Exercise:
Nothing outside the range below should be printed. Output exactly the lines from the line with "4851 Audubon Drive" to the line with "young woman with Shetlandpony", both included.

Input material:

◆ ◆ ◆ ◆

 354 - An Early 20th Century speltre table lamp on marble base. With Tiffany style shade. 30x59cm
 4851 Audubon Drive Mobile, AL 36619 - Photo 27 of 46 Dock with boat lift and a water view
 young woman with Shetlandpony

◆ ◆ ◆ ◆

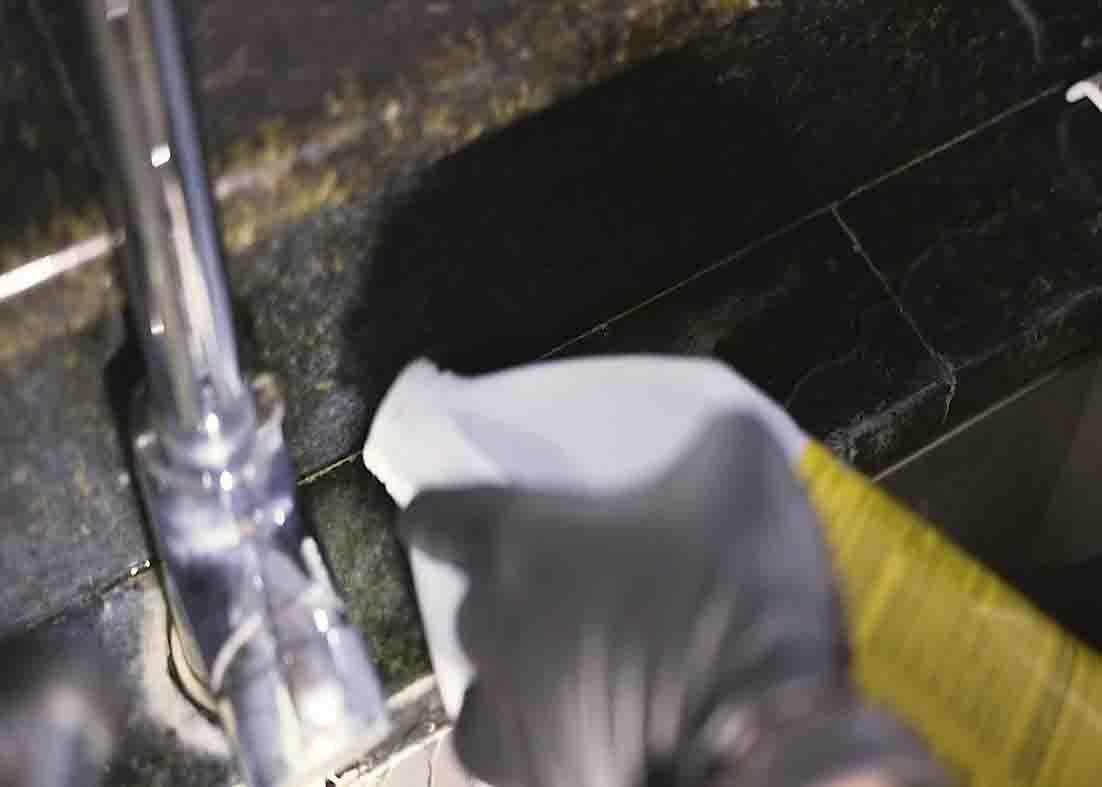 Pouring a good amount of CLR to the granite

◆ ◆ ◆ ◆

Output:
 4851 Audubon Drive Mobile, AL 36619 - Photo 27 of 46 Dock with boat lift and a water view
 young woman with Shetlandpony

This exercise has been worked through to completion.